Ionis Pharmaceuticals (IONS 0.96%) reported fourth-quarter earnings on Tuesday. The biotech has two drugs on the market, but given Kynamro's low sales and the fact that spinal muscular atrophy drug Spinraza only launched in late December, most of the revenue came from partners who have licensed its drugs. Nevertheless, those payments helped drive Ionis into the black in the fourth quarter.

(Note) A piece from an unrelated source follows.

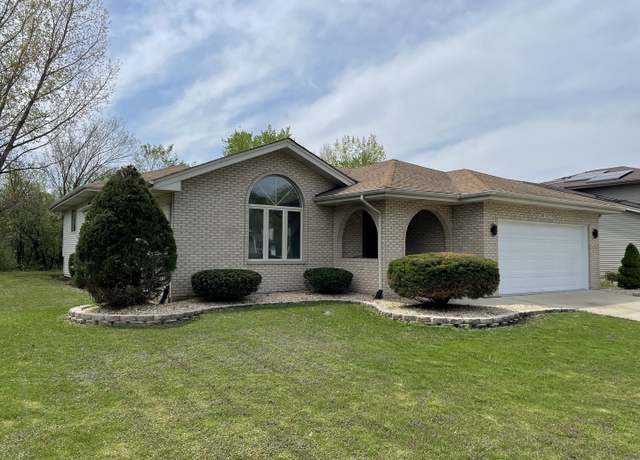 Property at 425 Tamarack St, Park Forest, IL 60466, 4 beds, 2 baths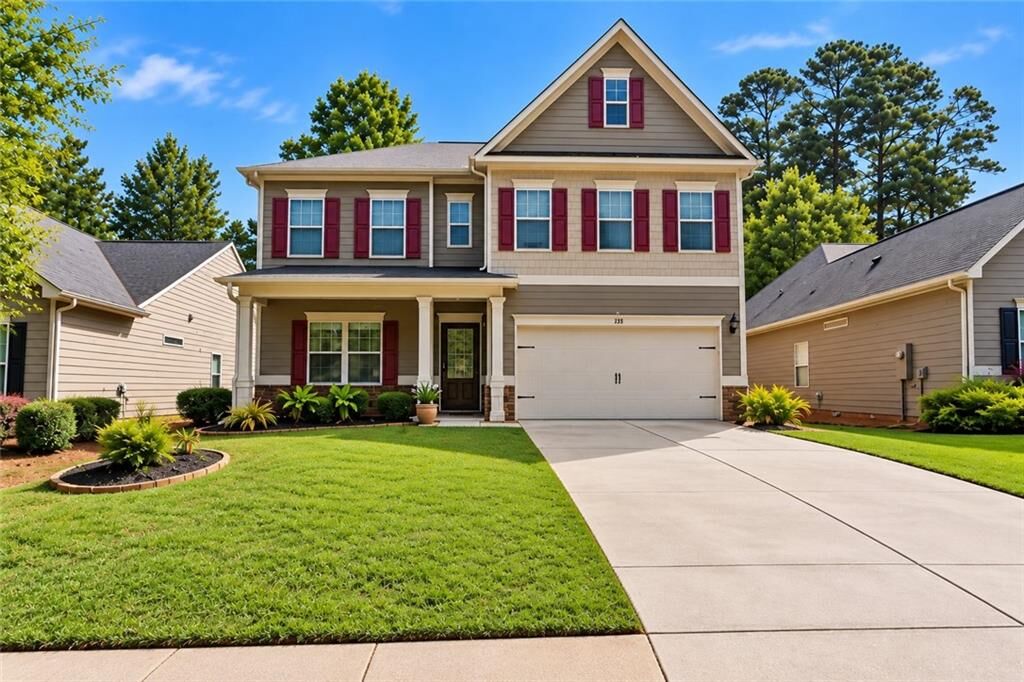 Property Photo: 155 Stone Manor Court GA 30188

Ionis Pharmaceuticals results: The raw numbers

Metric

Q4 2016

Q4 2015

Year-Over-Year Change

Revenue

$160.3 million

$51.6 million

211%

Income from operations

$41.1 million

($62.9 million)

N/A

Earnings per share

$0.21

($0.59)

N/A

Data source: Ionis Pharmaceuticals.

Scientists working in a lab

Image source: Getty Images.

What happened with Ionis Pharmaceuticals this quarter?

  • The biggest event of the quarter happened just days before the books closed, when Spinraza was approved by the Food and Drug Administration in late December, triggering a milestone payment from partner Biogen (BIIB 4.00%).
  • Ionis had good news on the pipeline front in December, as well, when it reported positive data from the COMPASS phase 3 trial testing volanesorsen in patients with severe hypertriglyceridemia. The drug produced a mean reduction in triglycerides of 71.2% from baseline compared to a 0.9% reduction for patients who received placebo.
  • In January, after the books closed, Ionis signed a deal with Novartis (NVS 0.78%) to develop and commercialize two early stage cardiovascular disease drugs, AKCEA-APO(a)-LRx and AKCEA-APOCIII-LRx. The deal provides near-term payments of $225 million, plus potential milestone and royalty payments down the road.
  • Also in January, partner Bayer decided to advance IONIS-FXIRx into a phase 2b trial in patients with end-stage renal disease on hemodialysis, which Ionis will conduct. Bayer also chose to license a next-generation drug, IONIS-FXI-LRx, which, combined with the advancement of IONIS-FXIRx, triggered a $75 million milestone payment.

What management had to say

Biogen is in charge of the Spinraza launch, but Lynne Parshall, Ionis' chief operating officer, likes what she's seen so far:

"We are pleased with the urgency with which Biogen is undertaking this launch. For example, we received FDA approval just before the holidays on December 23. And by December 26, there were already teams in the field working with physicians to ensure the patients had access to Spinraza as rapidly as possible."

Ionis' chief financial officer Beth Hougen pointed out the economics on sales of Spinraza: "We earn tiered royalties on Spinraza sales. This means that, as Spinraza sales grow, so will our portion of those sales. The revenue we earned from these royalties is nearly all profit to us."

Looking forward

It's going to be a data-packed beginning of the year for Ionis with a readout from the phase 3 APPROACH study testing volanesorsen in patients with familial chylomicronemia syndrome expected in March. A little while later, sometime in the second quarter, Ionis will present data from the phase 3 NEURO-TTR study of IONIS-TTRRx in patients with familial amyloid polyneuropathy.

With the potential for both those drugs to get approved if the phase 3 trials are successful, Ionis is restocking the pipeline with plans to add three to five new drugs to the pipeline this year.

Adding the milestone payments to the Spinraza royalty payments, management thinks it can be breakeven or profitable at the operating line on a pro forma basis in 2017, which would allow the company to be cash-flow positive.